Nicola Ansell, Peggy Froerer, Arshima Dost and Claire Dungey have been undertaking knowledge transfer activities relating to their ESRC-DFID-funded research project on ‘Education systems, aspiration and learning in remote rural settings’.
In January members of the team spent two weeks in Chhattisgarh, central India, reporting back to school children and adults in the rural communities where they conducted the research. They held a workshop for teachers from the local area, addressed trainee teachers at the teacher training college and engaged in discussions with local and district-level government officials.
A subsequent workshop in the state capital, Raipur, was attended by government officials, NGO personnel, academics, and others. Attendees were enthusiastic to take forward ideas raised in the workshop that might make education better suited to the needs of rural young people, encouraging them to aspire to futures that are achievable and to develop curricula, resources and teaching methods that make such futures attainable.
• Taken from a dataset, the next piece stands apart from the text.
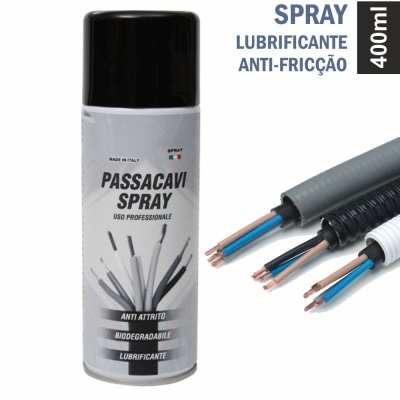 Spray lubrificante Passacavi Spray ao lado de cabos elétricos com fios de cobre expostos
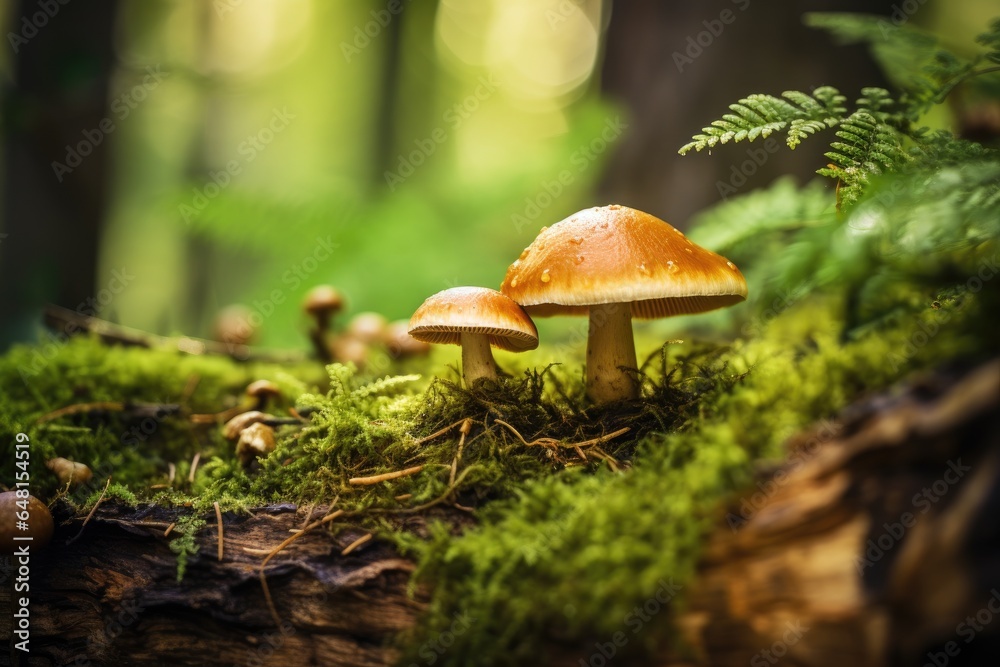 Mushroom growing in forest lit by setting warm sunrays. Mushroom growing in forest lit by setting warm sunrays.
The team will maintain contact with the participants and follow up on any impact arising from the research.
Finally, a workshop was held in Delhi with a smaller group of national level policy actors. Team members then moved on to Lesotho, again making presentations and stimulating discussions about the research findings with children, teachers, adult community members and the national education policy sector.
They will proceed to the third study setting, Laos, in March. Nicola, the PI, has also been invited to discuss the findings with the international policy community at the 62nd Session of the Commission on the Status of Women (CSW62) at United Nations Headquarters in New York.
The project will be having a two-day symposium entitled 'Theorising young people's aspirations in a global context: an interdisciplinary conference' in March.